● **THE PROBLEM**: Among the records below, which lines contain the string "Print"? Report them.

(Short descriptive text snippets)
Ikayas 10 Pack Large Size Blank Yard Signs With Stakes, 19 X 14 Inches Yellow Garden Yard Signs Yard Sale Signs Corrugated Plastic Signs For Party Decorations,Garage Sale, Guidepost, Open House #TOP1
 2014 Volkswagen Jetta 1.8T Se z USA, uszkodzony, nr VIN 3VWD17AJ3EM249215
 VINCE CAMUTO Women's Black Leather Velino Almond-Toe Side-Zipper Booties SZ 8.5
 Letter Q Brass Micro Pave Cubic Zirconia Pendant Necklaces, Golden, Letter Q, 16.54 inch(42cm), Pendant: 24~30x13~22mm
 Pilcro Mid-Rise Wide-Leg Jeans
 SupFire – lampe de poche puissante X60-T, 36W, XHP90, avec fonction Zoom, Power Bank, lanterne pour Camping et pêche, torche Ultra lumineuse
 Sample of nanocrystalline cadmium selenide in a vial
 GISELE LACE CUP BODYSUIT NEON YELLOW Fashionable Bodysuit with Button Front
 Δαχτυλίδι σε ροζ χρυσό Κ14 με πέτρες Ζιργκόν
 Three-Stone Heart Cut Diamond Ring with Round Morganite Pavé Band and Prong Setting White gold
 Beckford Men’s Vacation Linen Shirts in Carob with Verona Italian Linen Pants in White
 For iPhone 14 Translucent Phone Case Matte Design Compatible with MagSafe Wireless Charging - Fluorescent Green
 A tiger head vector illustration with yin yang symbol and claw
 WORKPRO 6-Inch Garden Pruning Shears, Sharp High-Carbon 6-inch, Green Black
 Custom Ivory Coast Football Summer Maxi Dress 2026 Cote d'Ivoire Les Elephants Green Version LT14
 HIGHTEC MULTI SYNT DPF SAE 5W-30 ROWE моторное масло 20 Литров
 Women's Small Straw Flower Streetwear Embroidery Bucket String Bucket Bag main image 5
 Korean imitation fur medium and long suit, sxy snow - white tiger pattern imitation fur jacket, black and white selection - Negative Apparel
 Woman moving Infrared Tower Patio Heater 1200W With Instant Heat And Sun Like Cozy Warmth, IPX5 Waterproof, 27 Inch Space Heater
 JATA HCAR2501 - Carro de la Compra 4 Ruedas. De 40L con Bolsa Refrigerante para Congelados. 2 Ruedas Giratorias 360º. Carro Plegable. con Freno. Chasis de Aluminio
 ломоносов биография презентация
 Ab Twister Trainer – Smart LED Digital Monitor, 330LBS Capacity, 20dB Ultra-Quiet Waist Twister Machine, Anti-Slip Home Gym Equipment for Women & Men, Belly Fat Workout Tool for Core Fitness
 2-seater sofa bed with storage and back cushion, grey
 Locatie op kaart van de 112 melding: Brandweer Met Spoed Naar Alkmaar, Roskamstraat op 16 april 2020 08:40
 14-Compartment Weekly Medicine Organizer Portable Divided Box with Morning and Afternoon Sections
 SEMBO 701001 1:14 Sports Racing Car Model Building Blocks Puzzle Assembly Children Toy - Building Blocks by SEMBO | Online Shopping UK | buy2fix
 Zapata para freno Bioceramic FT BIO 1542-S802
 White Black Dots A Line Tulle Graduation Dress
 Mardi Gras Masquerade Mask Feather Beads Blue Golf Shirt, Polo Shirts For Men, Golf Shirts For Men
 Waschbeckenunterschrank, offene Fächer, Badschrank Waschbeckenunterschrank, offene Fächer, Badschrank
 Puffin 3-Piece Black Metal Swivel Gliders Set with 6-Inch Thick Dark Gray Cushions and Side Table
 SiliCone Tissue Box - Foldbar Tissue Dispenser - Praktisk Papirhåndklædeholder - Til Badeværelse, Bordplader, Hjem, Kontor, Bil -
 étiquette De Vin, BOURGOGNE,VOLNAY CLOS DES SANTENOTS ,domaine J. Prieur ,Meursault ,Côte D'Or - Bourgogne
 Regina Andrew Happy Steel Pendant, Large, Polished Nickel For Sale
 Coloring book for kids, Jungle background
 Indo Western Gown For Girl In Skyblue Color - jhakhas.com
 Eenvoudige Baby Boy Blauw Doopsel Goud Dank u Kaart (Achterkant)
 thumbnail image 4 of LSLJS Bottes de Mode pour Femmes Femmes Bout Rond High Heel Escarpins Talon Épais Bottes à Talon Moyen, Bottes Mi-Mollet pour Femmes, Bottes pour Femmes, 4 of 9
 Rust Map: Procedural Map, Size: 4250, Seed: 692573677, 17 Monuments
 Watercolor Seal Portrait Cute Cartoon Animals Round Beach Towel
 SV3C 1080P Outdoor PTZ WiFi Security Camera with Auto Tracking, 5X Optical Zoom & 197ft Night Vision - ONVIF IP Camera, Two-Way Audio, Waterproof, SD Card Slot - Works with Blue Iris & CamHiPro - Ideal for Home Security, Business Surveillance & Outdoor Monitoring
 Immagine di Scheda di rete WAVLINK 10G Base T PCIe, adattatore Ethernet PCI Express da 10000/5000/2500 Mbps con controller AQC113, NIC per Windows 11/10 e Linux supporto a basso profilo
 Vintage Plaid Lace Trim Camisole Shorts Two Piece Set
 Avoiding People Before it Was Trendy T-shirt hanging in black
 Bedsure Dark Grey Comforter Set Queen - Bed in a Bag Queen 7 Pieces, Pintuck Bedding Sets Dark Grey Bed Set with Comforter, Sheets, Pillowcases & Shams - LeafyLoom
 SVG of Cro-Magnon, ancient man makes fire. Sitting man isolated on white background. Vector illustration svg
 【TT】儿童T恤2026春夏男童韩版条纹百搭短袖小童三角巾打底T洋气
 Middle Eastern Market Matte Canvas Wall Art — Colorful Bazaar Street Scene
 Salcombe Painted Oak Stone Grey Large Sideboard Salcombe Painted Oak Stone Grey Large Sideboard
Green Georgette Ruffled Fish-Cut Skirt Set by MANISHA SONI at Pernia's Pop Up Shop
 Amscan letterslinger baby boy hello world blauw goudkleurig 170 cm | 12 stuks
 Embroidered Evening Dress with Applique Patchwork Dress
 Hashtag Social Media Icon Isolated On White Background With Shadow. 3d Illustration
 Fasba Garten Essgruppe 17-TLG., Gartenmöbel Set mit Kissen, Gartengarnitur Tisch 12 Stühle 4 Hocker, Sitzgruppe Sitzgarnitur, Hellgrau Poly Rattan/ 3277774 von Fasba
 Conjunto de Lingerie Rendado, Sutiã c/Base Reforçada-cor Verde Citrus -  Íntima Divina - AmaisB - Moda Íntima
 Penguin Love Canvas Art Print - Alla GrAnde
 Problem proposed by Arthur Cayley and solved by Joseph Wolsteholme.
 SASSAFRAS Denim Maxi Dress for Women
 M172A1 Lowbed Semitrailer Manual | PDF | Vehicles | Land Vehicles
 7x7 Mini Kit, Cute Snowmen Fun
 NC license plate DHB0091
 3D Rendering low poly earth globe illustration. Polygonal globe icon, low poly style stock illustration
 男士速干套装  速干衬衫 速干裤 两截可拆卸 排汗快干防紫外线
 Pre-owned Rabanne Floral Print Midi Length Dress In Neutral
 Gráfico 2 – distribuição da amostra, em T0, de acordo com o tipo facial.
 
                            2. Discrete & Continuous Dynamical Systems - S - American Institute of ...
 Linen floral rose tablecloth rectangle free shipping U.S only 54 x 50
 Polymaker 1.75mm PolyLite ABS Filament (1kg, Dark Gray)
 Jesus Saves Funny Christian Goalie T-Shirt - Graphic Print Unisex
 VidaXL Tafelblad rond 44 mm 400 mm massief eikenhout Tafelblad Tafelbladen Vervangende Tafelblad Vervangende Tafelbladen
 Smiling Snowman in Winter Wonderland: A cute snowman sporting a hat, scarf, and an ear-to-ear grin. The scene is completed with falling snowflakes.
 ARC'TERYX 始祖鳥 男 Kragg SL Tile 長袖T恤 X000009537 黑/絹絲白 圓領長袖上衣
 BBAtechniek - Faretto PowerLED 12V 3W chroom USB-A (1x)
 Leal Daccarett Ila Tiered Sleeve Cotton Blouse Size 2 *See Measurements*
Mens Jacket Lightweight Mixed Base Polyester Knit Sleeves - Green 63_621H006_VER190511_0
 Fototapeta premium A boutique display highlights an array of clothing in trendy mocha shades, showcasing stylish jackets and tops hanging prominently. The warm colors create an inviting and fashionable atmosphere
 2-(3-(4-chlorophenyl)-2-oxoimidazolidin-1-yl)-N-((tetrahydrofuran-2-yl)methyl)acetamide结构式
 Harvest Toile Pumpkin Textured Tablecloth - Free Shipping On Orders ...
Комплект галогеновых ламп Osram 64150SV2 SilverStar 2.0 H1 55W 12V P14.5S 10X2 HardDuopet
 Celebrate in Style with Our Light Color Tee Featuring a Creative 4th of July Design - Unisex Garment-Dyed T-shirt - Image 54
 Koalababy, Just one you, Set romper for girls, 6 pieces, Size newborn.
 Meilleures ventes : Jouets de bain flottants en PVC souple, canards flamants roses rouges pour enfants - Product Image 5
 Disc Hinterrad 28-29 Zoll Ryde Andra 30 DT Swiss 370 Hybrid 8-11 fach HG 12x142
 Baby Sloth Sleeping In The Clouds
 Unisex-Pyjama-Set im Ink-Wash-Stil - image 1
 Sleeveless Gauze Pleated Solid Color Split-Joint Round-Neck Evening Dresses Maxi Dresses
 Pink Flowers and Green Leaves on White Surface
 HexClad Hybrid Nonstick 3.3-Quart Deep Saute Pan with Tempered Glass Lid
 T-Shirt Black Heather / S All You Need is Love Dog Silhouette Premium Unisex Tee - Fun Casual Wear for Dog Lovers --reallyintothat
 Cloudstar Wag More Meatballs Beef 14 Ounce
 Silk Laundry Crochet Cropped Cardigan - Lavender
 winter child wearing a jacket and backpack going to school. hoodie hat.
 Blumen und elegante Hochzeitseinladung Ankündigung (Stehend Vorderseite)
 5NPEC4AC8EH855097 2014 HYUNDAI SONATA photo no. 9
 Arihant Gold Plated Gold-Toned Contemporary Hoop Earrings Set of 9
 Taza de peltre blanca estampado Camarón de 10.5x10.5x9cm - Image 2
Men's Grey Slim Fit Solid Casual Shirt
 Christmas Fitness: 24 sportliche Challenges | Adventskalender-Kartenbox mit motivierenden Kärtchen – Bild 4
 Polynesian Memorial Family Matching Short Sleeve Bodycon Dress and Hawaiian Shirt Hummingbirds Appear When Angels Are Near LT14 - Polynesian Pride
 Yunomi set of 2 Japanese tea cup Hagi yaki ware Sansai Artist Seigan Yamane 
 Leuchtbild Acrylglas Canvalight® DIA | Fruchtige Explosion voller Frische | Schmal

● **YOUR SOLUTION**:
 Penguin Love Canvas Art Print - Alla GrAnde
 Pre-owned Rabanne Floral Print Midi Length Dress In Neutral
 Jesus Saves Funny Christian Goalie T-Shirt - Graphic Print Unisex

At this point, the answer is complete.